**What to produce:** For the records below, copy exactly the span that begins at the line containing "Diagram for FGC6X5XEDA" and stops after the line containing "Dom & House", minus any pictures.

**The data:**
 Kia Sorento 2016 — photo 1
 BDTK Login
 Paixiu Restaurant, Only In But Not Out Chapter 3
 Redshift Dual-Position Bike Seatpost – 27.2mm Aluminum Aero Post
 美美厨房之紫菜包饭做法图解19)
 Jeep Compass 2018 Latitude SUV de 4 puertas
* * *
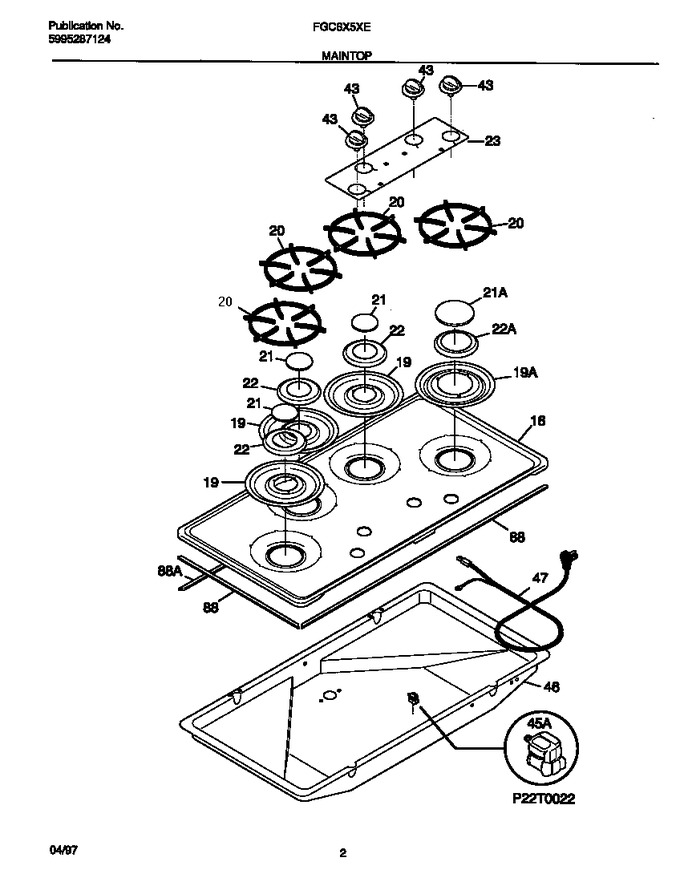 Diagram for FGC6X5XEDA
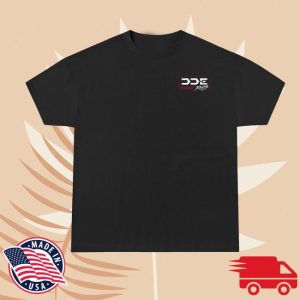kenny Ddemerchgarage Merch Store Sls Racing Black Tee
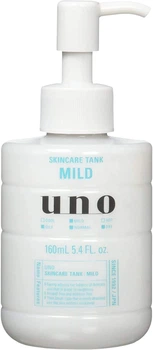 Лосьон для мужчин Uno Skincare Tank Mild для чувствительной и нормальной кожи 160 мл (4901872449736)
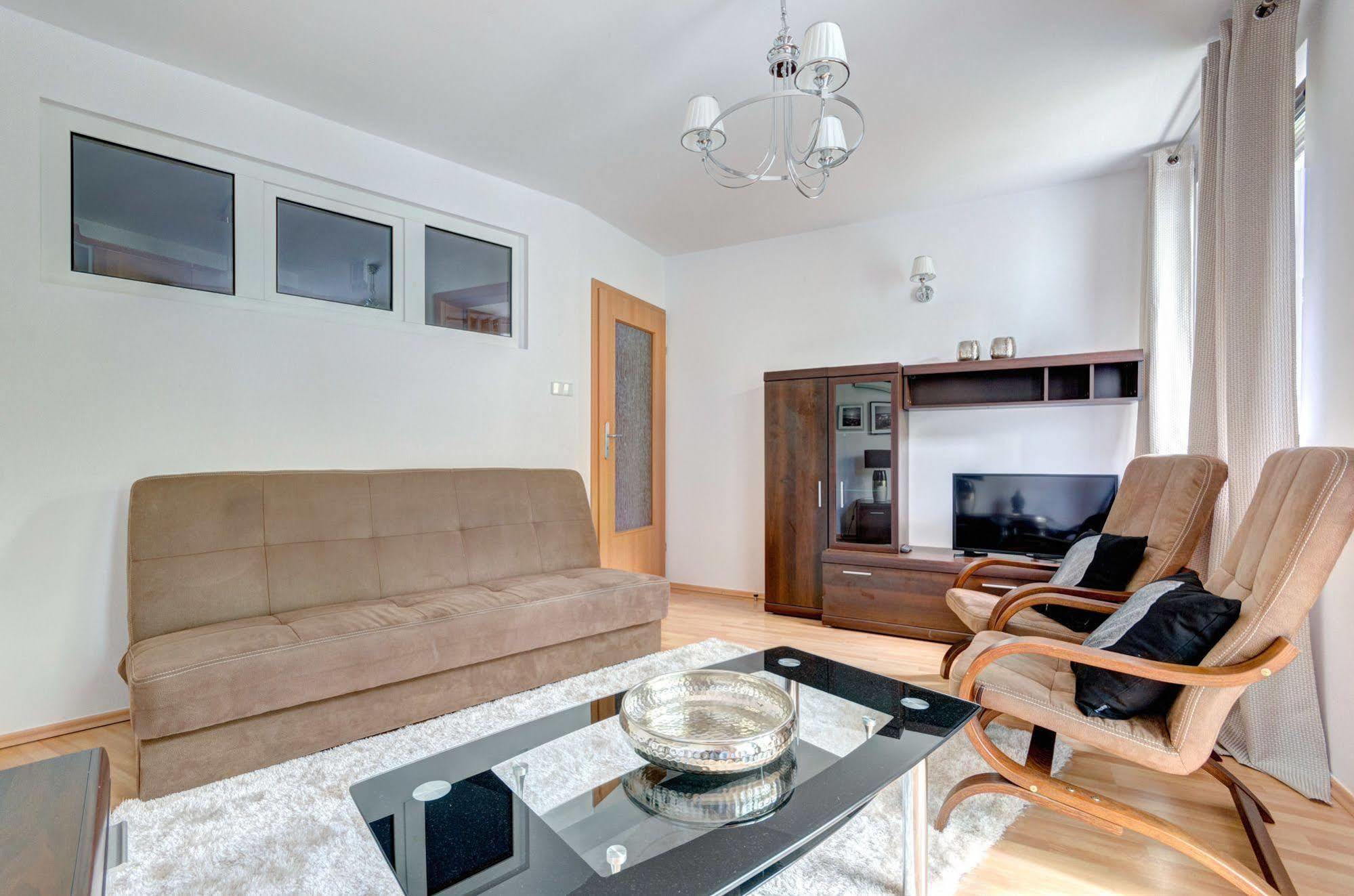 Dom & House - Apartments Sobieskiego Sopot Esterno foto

**Written answer:**
 Diagram for FGC6X5XEDA
kenny Ddemerchgarage Merch Store Sls Racing Black Tee
 Лосьон для мужчин Uno Skincare Tank Mild для чувствительной и нормальной кожи 160 мл (4901872449736)
 Dom & House - Apartments Sobieskiego Sopot Esterno foto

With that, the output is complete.